TO:             CAAT Academic Local Presidents

FROM:       The Faculty Negotiating Team

DATE:        March 22, 2006

RE:              Negotiations Update

While most of the reporting we have seen has been very supportive, we have seen some misinformation on various media regarding today’s events.

Shortly after 4:00 p.m. on Wednesday March 22, the union asked management to agree to voluntary binding arbitration.  Management countered by proposing that faculty call off the strike while talks continued and that the union take another vote on management’s offer of settlement.  It was at this time that management also tabled a revised offer. Details are set out below.

At the same time, the union asked that the news blackout be lifted.

The Colleges Collective Bargaining Act allows the parties to agree to send all matters in dispute to arbitration. 

Within a half hour, management called us back. At that time, they rejected binding arbitration and proposed final offer selection, a very rarely used process.

To be clear, it was the union that proposed arbitration, not management.  Management has suggested that the union offered to end picketing.  The union did make that offer but only if management agreed to arbitration.  Management rejected that offer.

We announced our proposal at a press conference open to everyone.  Management called a press conference after ours but barred all faculty representatives from the room.  Seeing the news reports tonight, we have learned why. The management spokesperson accused team chair, Ted Montgomery, of personally creating the strike and of keeping students from their classes. It is unfortunate and regrettable that college representatives have turned to personal accusations.  As you know, the strike was supported by an 80% majority vote.  Ted has chaired the last three negotiating teams, each of which successfully negotiated a settlement without a strike.  The faculty negotiating team consists of seven elected members, each of whom contributes to achieve the demands set for bargaining by faculty, each of whom represents the over 9000 faculty members.  All decisions made by this team are made by consensus.  Every team member stands by all of the decisions we have made. Our processes are open, transparent, and democratic.  We have a very experienced and representative group of faculty on the team. 

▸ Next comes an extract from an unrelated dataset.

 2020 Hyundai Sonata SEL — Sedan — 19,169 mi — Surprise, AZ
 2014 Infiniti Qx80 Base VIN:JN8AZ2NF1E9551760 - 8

Management wants the picket lines taken down and blames one individual. The management spokesperson asserts that Ted could and should “order its [the union’s] pickets down tonight. He should take down the pickets without condition.”  Continuation of the strike is entirely due to management’s refusal to accept binding arbitration.

We are well aware that the pressure of bargaining can be very stressful for some individuals.  The faculty team will not be engaging in any personal attacks or character disparagement. In our view, such conduct is not beneficial either to bargaining or to the relations that exist in the colleges.

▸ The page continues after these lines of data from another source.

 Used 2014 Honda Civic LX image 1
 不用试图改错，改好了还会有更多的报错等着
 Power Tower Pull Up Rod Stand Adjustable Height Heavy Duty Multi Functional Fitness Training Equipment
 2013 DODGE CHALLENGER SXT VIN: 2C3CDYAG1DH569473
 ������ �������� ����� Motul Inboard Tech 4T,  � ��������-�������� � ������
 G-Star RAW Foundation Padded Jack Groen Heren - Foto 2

The union’s revised position will be posted on the OPSEU website shortly.

We made several changes in an effort to get some bargaining going.  Management has not replied.

The most significant proposal was to offer a third option in the way to address the quality of education issues.  We proposed a kind of escalator clause that would give additional time to the teacher based on the total number of student teacher contact hours [STCH] per week.  We proposed that a teacher with over 350 STCH in a week would receive 0.03 of an hour credit for each additional STCH.  Fourteen teaching hours of classes of 25 would be the 350 STCH threshold.  A teacher with 14 contact hours with classes of 35 students would be credited with 4.2 additional hours per week.  All teachers would also be given 3 hours of credit for general preparation, course updating, dealing with student diversity, preparedness, subject renewal, etc.  Partial-Load teachers would be given 2 hours paid as teaching hours for their similar preparation.  Management has not responded to this proposal.

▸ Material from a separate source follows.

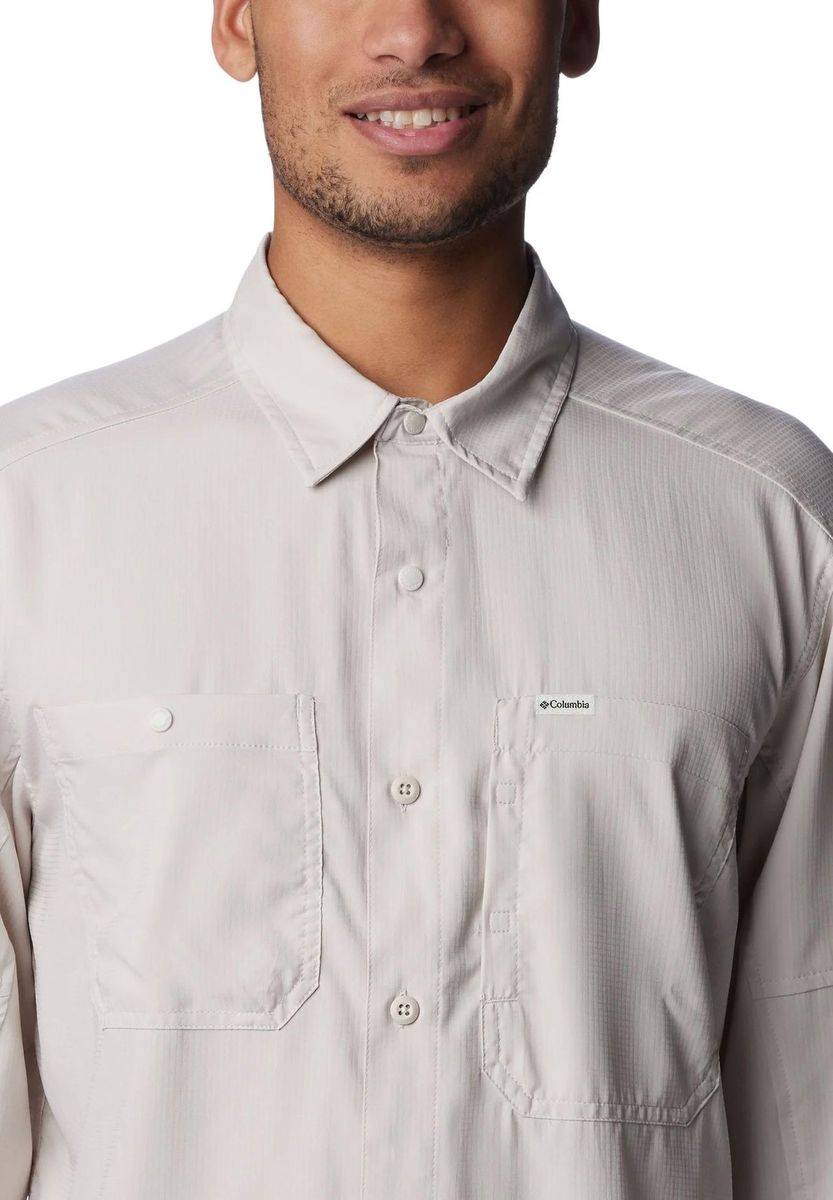 Langarm Utility-Hemd für Herren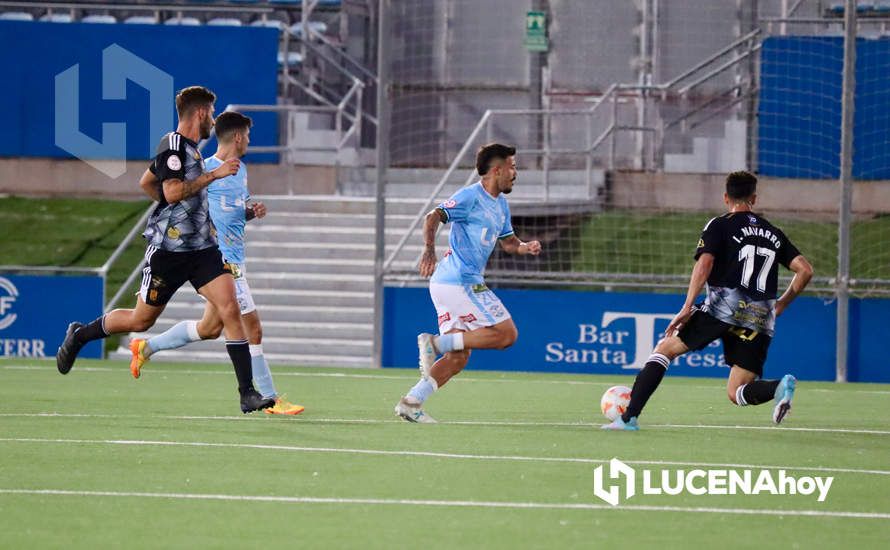 GALERÍA: El Ciudad de Lucena suma su primera victoria en el descuento frente al Xerez CD (2-1): Las fotos del partido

The centerpiece of management’s revised offer is a Letter of Understanding to add 120 faculty to the provincial sum.  These will be hired at 40 per year over the next three years. The costs are $3.8 million dollars in the first year and a cumulative total over the four years of the contract of $23.6 million.  The 2005 funding allocation to the colleges was $1.076 billion.  An expenditure of $3.8 million is 0.35% of the total budget. Out of the $87.3 million allocated specifically for Quality Improvement, it is 4.35%.  This is the level of investment that has been offered. To put the 120 in perspective, in the last 3 years there have been 291 net new hires.

Management’s offer includes a right for a teacher to ask the WMG to consider if class size is excessive. There is no definition given for “excessive.” This does not expand the rights of the teacher or the WMG.  Existing language provides this same right – “numbers of students” is already one of the variables in assessing inequitable workloads. Under the present system the WMG must have regard for class size issues if they are raised by a professor. Their proposal is no improvement.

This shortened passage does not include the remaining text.